Dealing with a Gastroparesis Flare

by Nancy Brown



What is a Gastroparesis Flare?

A medical flare is defined as a temporary worsening of symptoms of a disease or condition.  A gastroparesis (GP) flare is a period of time when you continually experience GP symptoms for consecutive days.  Symptoms can include vomiting, nausea, early satiety, bloating and abdominal pain.  GP flares often persist and are difficult to relieve.  If you have other conditions, they may flare-up as well.  Overall, you feel horrible.

What causes a Gastroparesis Flare?

You may feel that your GP flare is just one of those things, but there are underlying causes.  To check yourself, ask the following questions:

  • Have you changed anything in your diet?
  • Have you changed medications, including over the counter medications?
  • Has something changed in your life (new job, move, relationship changes)?
  • Are you under stress at work or home?
  • Are you getting enough sleep?
  • Are you exercising?
  • Have you been sick with non-GP illness?
  • For women, are you on your menstrual cycle?
  • Are you depressed or anxious?

Tips for dealing with a flare

During a GP flare, keep a food diary, tracking what you eat and symptoms that you experience.  Tracking this information along with medication changes, may aid in reducing the risk of having future GP flares.  If you’re able to exercise, walking after each meal aids digestion and reducing stress. Contact your Gastroenterologist or the doctor who treats your GP if symptoms and/or pain worsens.

Below are actual experiences from our GP community on how you know if you’re having a GP flare and advice for working through a GP flare.

K.B. – I know I’m having a GP flare when I start vomiting up everything. I get really sluggish and have trouble sleeping because I need to vomit or my stomach hurts. I always get dehydrated during this time enough that I need IV fluids.  My advice to work through one would be not eat or drink a lot. I usually just drink Pedialyte and ginger ale, and eat Pedialyte popsicles during these times. I do try to eat when I feel up to it even though I know I will vomit; hopefully something will stay down. A heating pad is great for pain.

I can’t take medicine because it makes me sick for some reason, but during flares especially I live on Phenergan suppositories and Zofran ODT. Sometimes I use Pepto chewable tablets. After about 2-3 weeks of a flare, I go to the ER for fluids because my flares usually last around the same time of 3-4 weeks long.

A.B. – I was in a flare the whole month of March and late April. No appetite, nausea every morning but thankfully, I’ve never had much pain. During those 2 months, I ate very little; basically potatoes, eggs, Jell-O, applesauce, (soft foods). I then started juicing and that seemed to help.

My main symptoms during a flare are nausea and early satiety with little appetite. I try to only eat bland foods and juice when I can. I can usually tell I’m starting a flare when I wake up in the mornings and the nausea hits. Thankfully my nausea only lasts until early afternoons but, I’m still not hungry. I also drink fresh ginger tea and take ginger capsules to help with the nausea.

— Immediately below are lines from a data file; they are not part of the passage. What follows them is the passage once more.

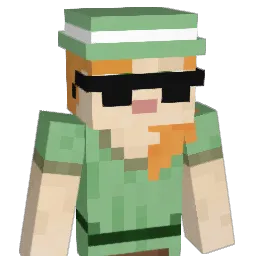 O_Jxnes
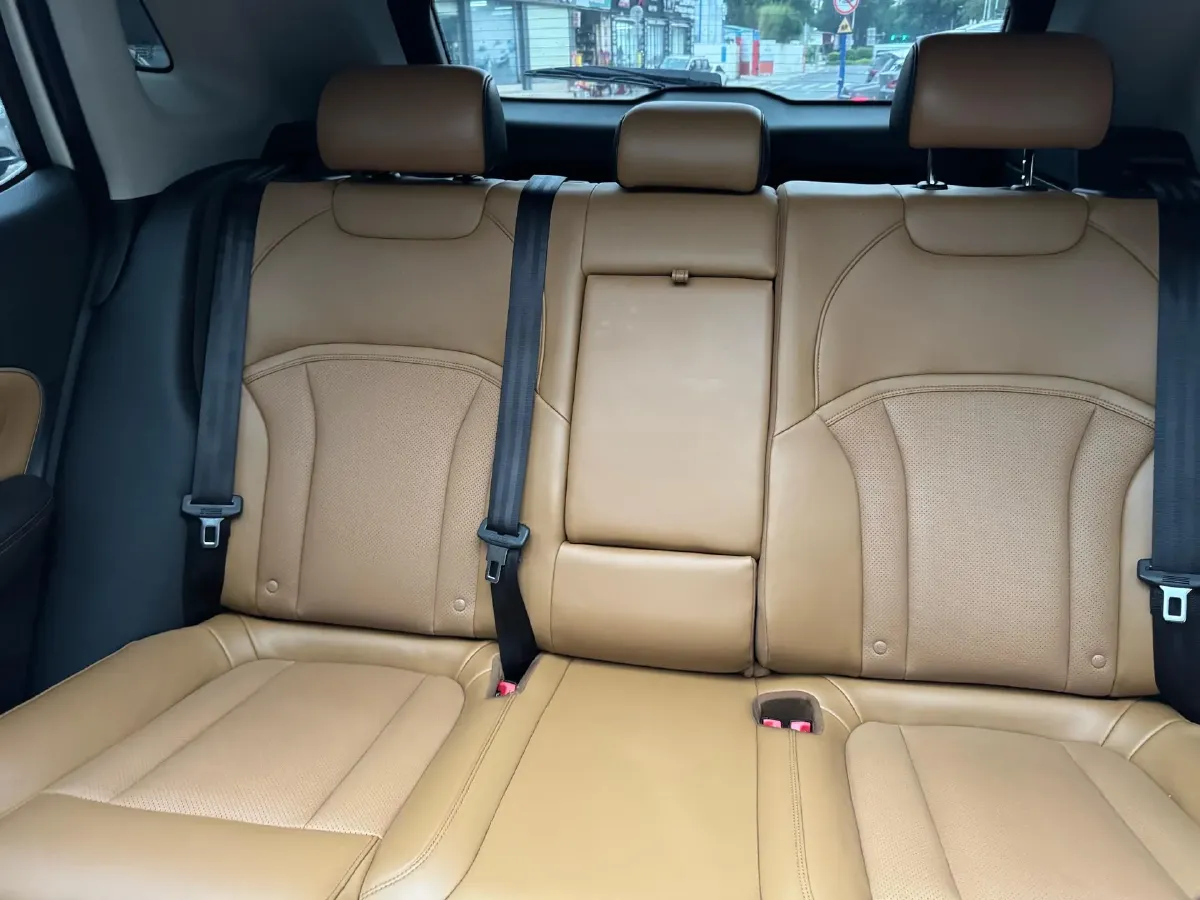 2020 Aion V BEV 80KWH,autocango,china used car exporter,china ev exporter,chinese used car exporter,chinese used ev exporter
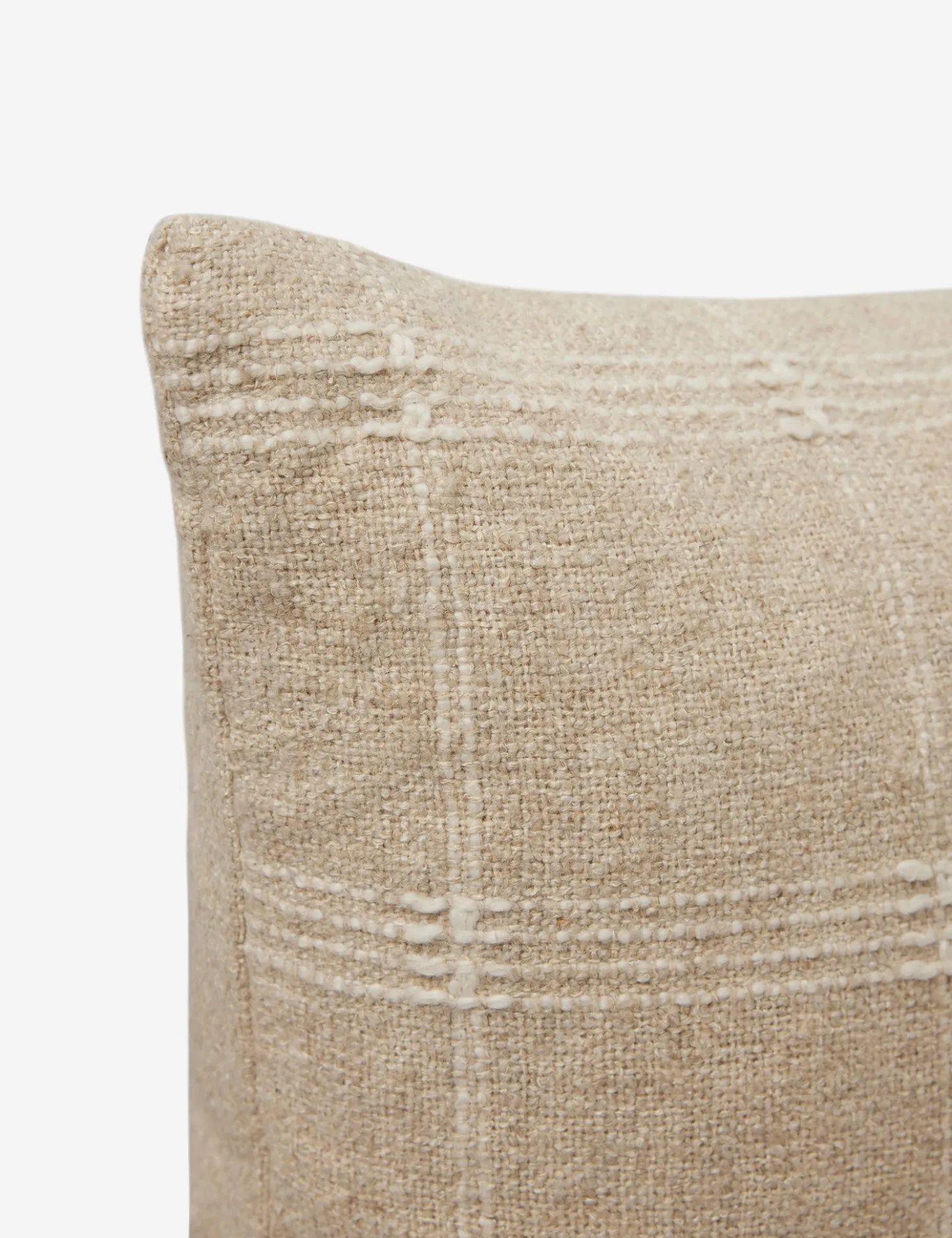 Stafford Pillow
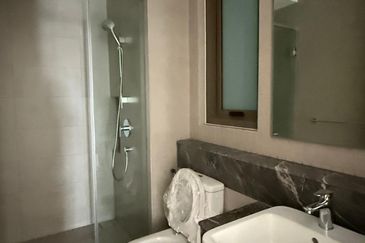 Park Place @ ParkCity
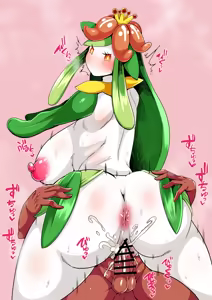Page 672 of ARTIST niwatora - 丹羽時来＠ニワトラ - preview thumbnail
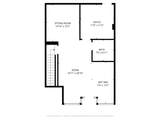 129 N Washington St - Photo 19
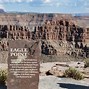 Image result for Grand Canyon West Rim Tour
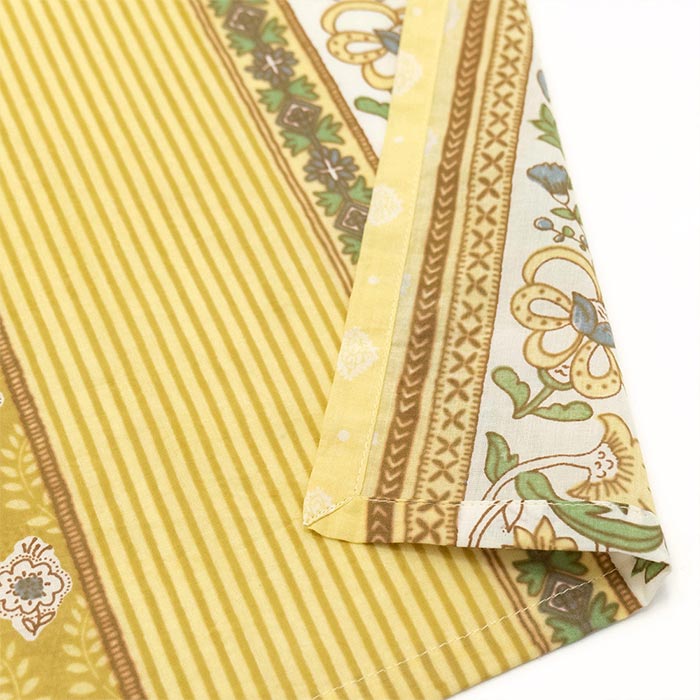 shanti / �Τ�� �ޥ륻���楹�ȥ饤��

K.H. – I seem to get one extremely bad flare up that lands me in the hospital every month. A few days before the never-ending vomiting starts, I notice that my usual safe foods are no longer tolerable, I become constantly nauseous, bloated so much so I’m asked when I’m due. Drinking water feels like a chore. I’m still new to this disease so I haven’t learned too many ways to gain relief yet, but I found hot showers/baths, ginger candy and sipping on cola help a little bit.

It’s important to remember that people experience GP flares differently.  Just as not everyone experiences GP the same, not every solution works for everyone.  Work with your Gastroenterologist or doctor who treats your GP to figure out what works best when experiencing a GP flare.


Nancy Brown lives in Virginia with her husband of 38 years, Ed.  They’re empty nesters and are enjoying retirement.  Prior to retiring, Nancy was a Manager of Requirement Analysis at Navy Federal Credit Union.